Even setting all that aside, I notice that not once in Niantic’s response does the studio attempt to address the changes the increased radius did for increasing accessibility or respecting the non-gaming community. There is not one word that shows Niantic listened to two-thirds of a three-point letter. That is reprehensible. The company heads who asked for and approved that letter should strongly consider bringing in new experts. A game doesn’t have to be for all the people all the time, but when the able-bodied gaming community embraces a feature that helps with inclusiveness and community respect, a company would have to be certifiably stupid not to retain it if it didn’t affect their bottom line. And to be clear, the game has been doing beyond well during the pandemic.
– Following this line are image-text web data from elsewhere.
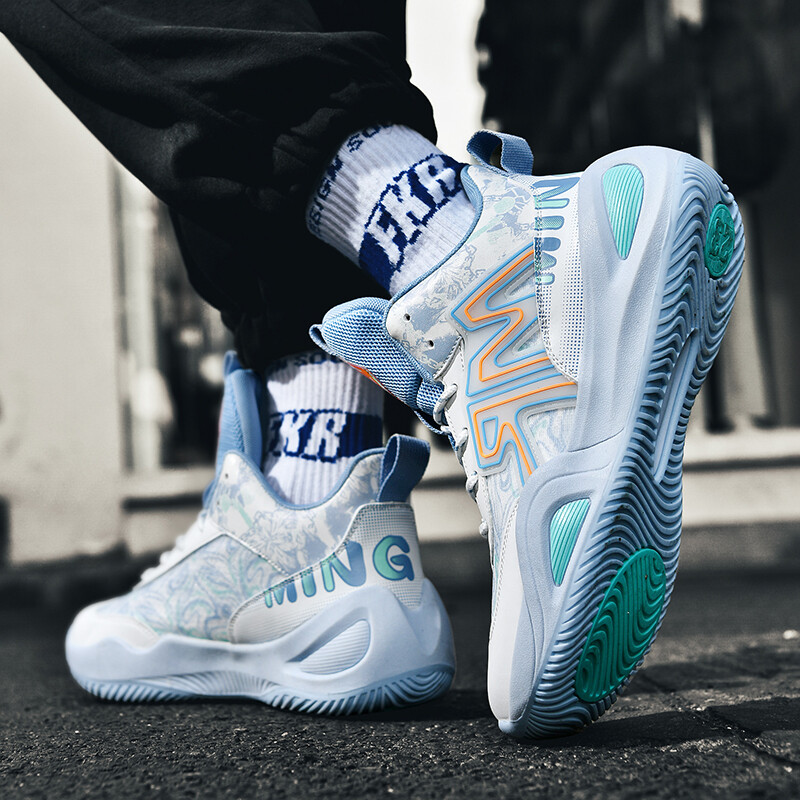 Laukā cīņas basketbola apavi vīrieši satver zemi neslīdoši studentu paisuma apavi visi atbilst jauniešu sporta apaviem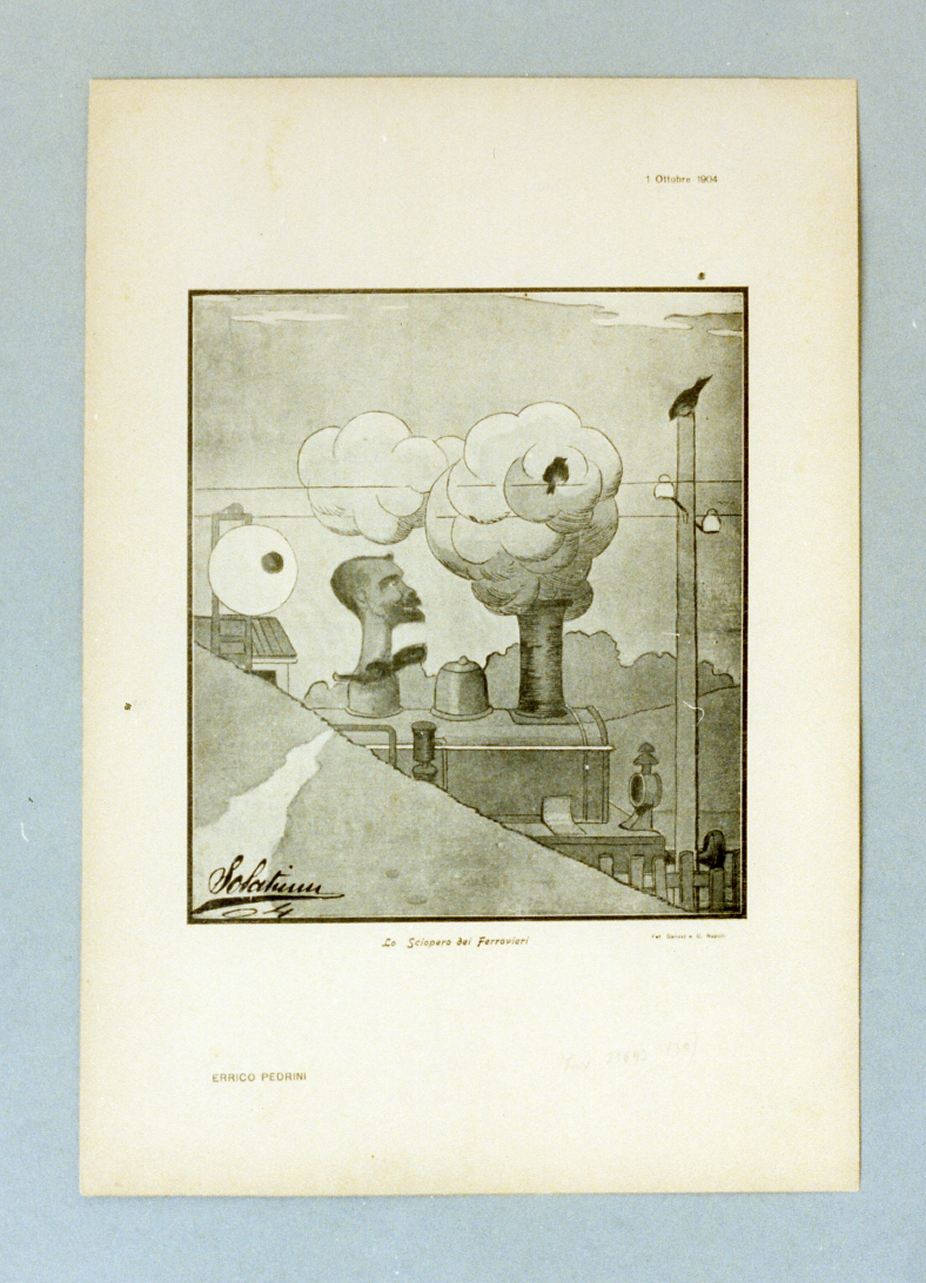 caricatura (stampa) di Buonsollazzi Mario detto Solatium (sec. XX)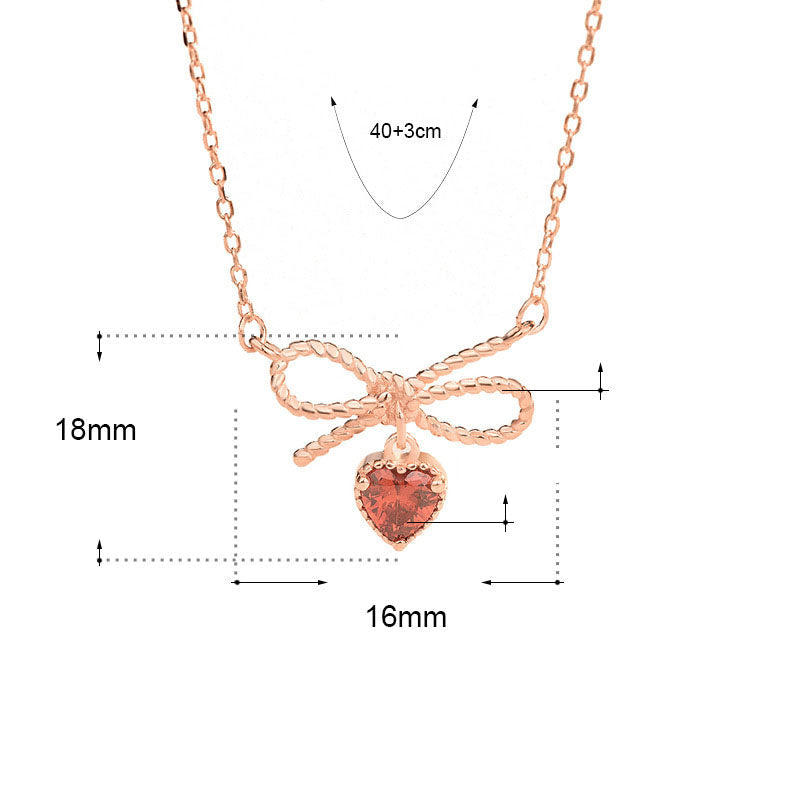 Friend's Red CZ Heart Bow-Knot 925 Sterling Silver Necklace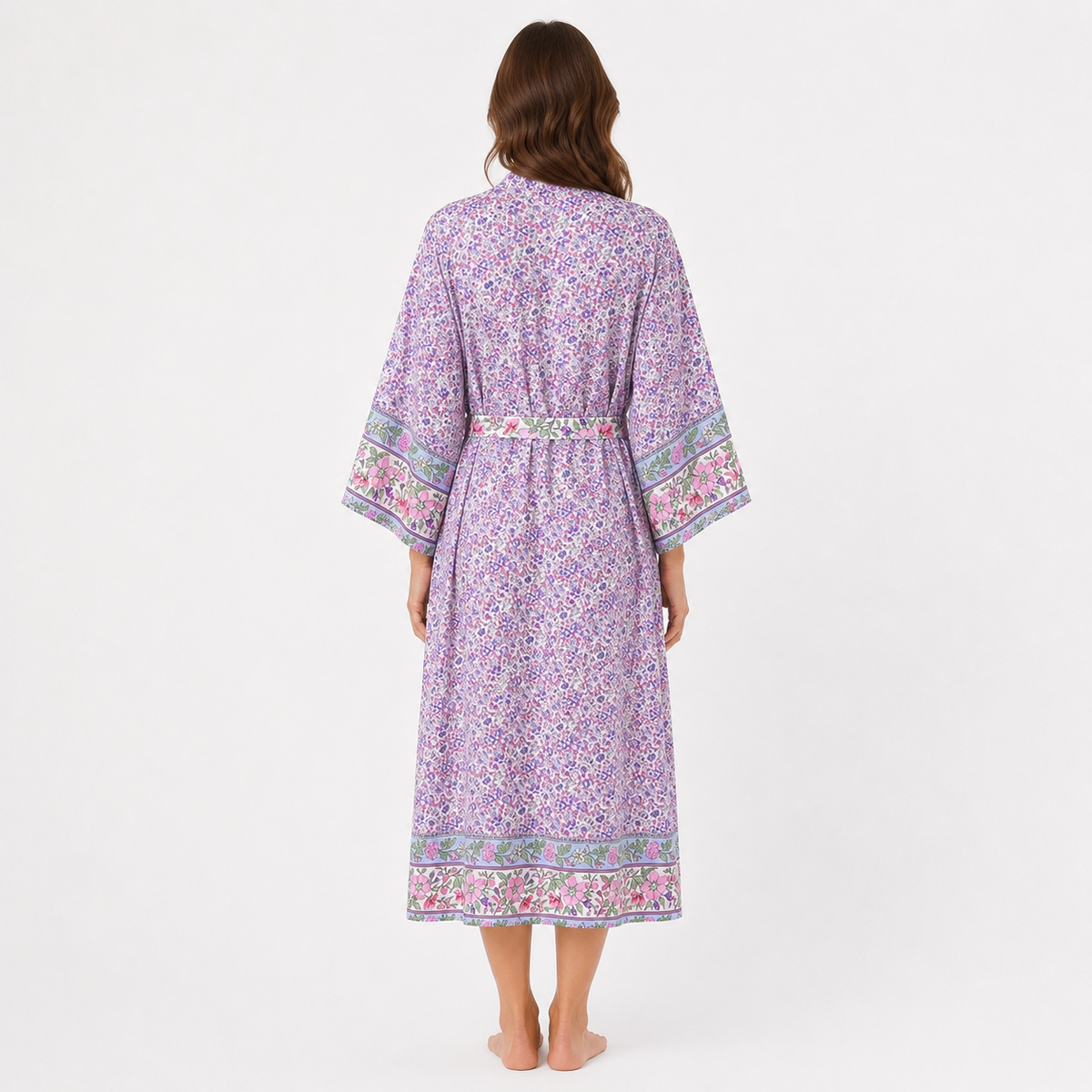 Kimono Long Femme Fleuri Lavande Japonais | Ayame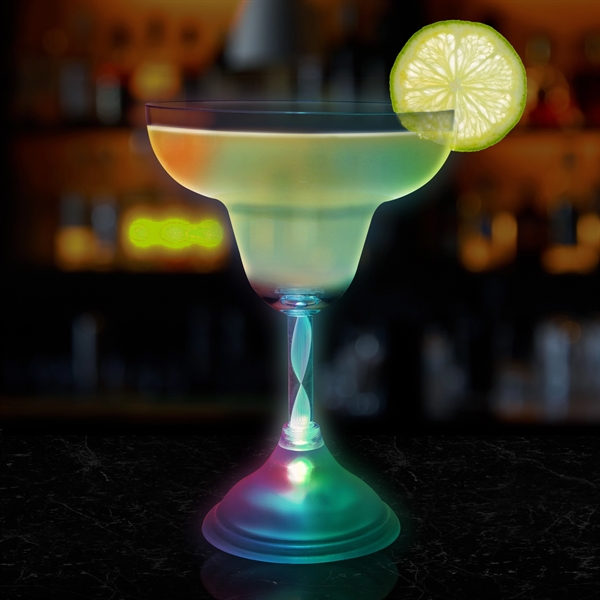 10 1/2 oz. Margarita Glass with Multi-Color LED Lights - Image 2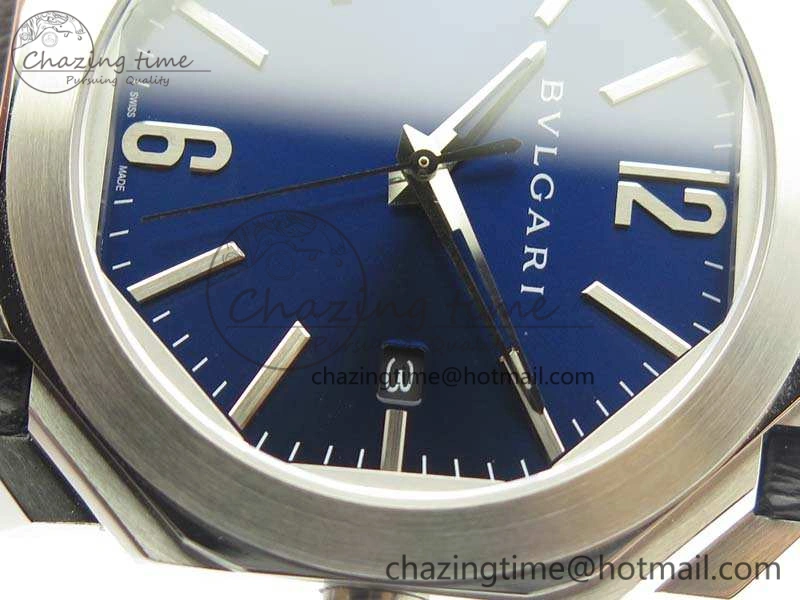 OCTO SS JL 1:1 Best Edition Blue Dial On Leather Strap BVL193 ( Free Rubber Strap)
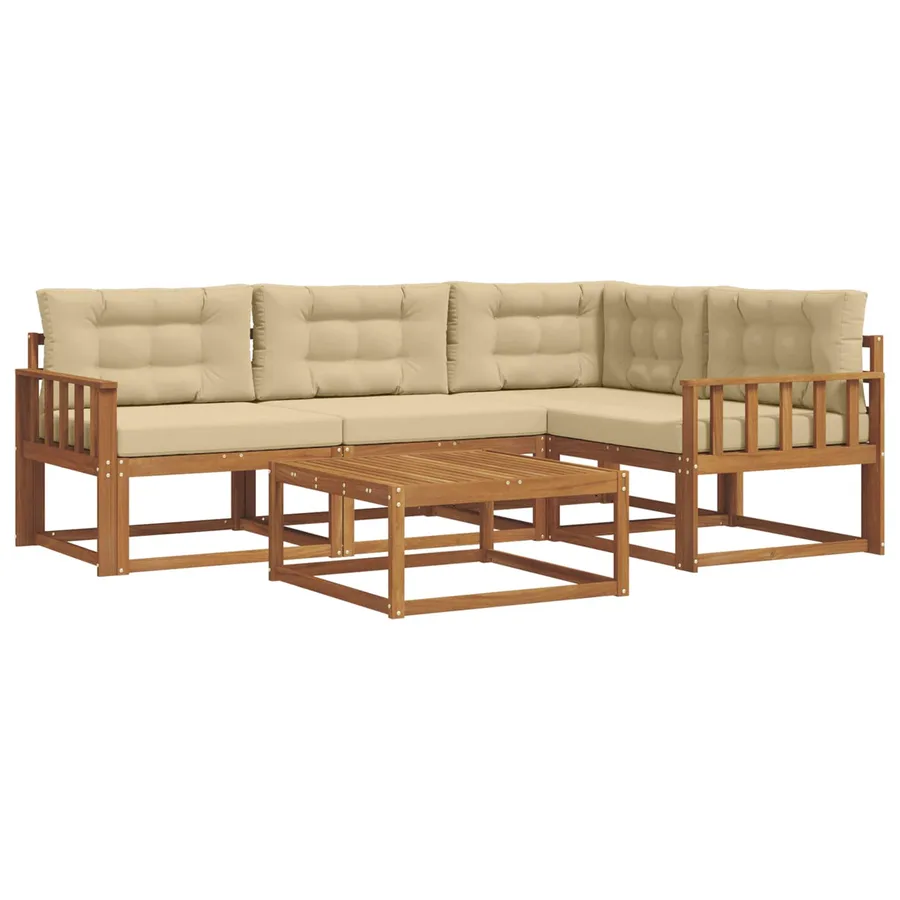 Ensemble de canapés d'extérieur 5 pcs Naturel et Beige - 2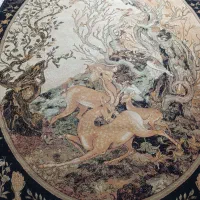 یه فرش با طرح آهو زیبا
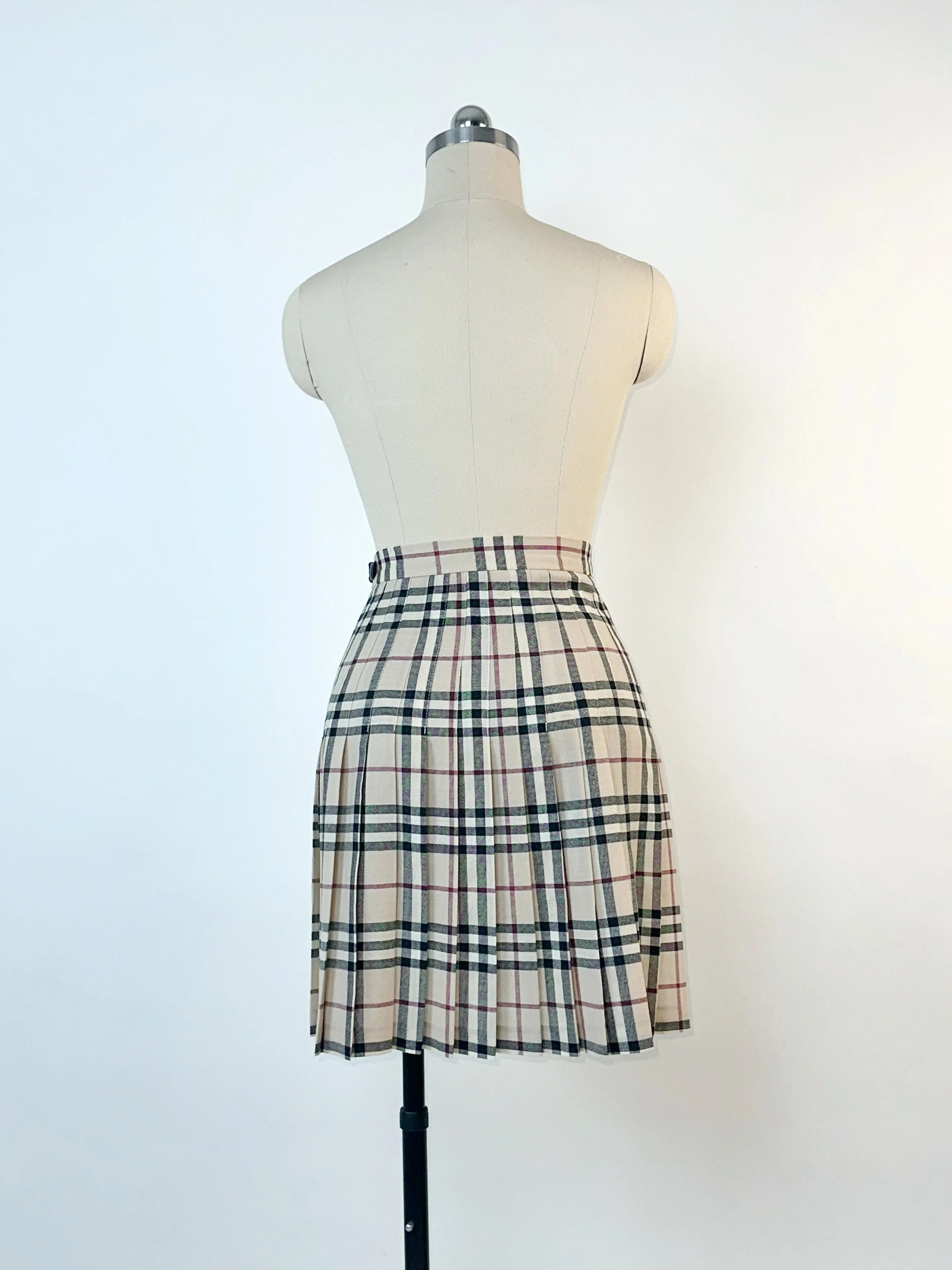 Burberry Vintage Plaid Fridge Buckled Mini Skirt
The one-day boycott may have caught someone’s attention, but Niantic idling until September shows it is not committed to its community. The change had an immediately negative impact on the community. Had Niantic been serious, I would expect it to have reverted the changes immediately and made use of gobs of data it surely has on-hand.

Again, this isn’t just COVID, which is a serious problem. And it isn’t just Niantic awarding XP to get people to travel during a time when there’s an infectious disease people can carry across the world unless there are strict but rare international efforts. It’s that there are people who suddenly could participate in the game left out in the cold by a company that will take their money but won’t listen to them. It’s a company that yells “Safety!” while ignoring its devs’ own best practices guidelines.

My personal misgivings about the game started well before the August 5th boycott. I do AR tasks, but the only image Niantic gets from me is a piece of paper saying, “Revert the radius.” I not only haven’t spent any money on the game but also have no plans to support the Community Day $1 event or purchase the roughly $15 event box, even though I am a fan of the featured pokemon and item contents.

I know many people, including people I play with, don’t care enough to do anything, but they do complain about the change, and their playing habits have slowed down. This is why companies can’t just “listen” to the “silent majority,” as those players will simply quit without a word. This is exactly why Niantic thinks it can get away with not only ignoring public outcries but delaying the reversion.

There may be some hope: One of the most notable POGO personalities, hardcore player and big spender Brandon Tan, announced he’s going free-to-play until September. Other big names, like ZoeTwoDots and Nicholas “Trainer Tips” Oyzon, made similar statements. This is the equivalent of Asmongold changing FFXIV servers or if Ninja switched to Fortnite’s PvE mode – it’s not something a studio can completely ignore, as it will have ripple effects on the greater community. My hope is that other big personalities will make big changes in their play habits and get their communities on board as well. Niantic didn’t hear us, but we certainly heard it, and the playerbase needs to react in kind.

Massively OP’s Andrew Ross is an admitted Pokemon geek and expert ARG-watcher. Nobody knows Niantic and Nintendo like he does! His Massively on the Go column covers Pokemon Go as well as other mobile MMOs and augmented reality titles!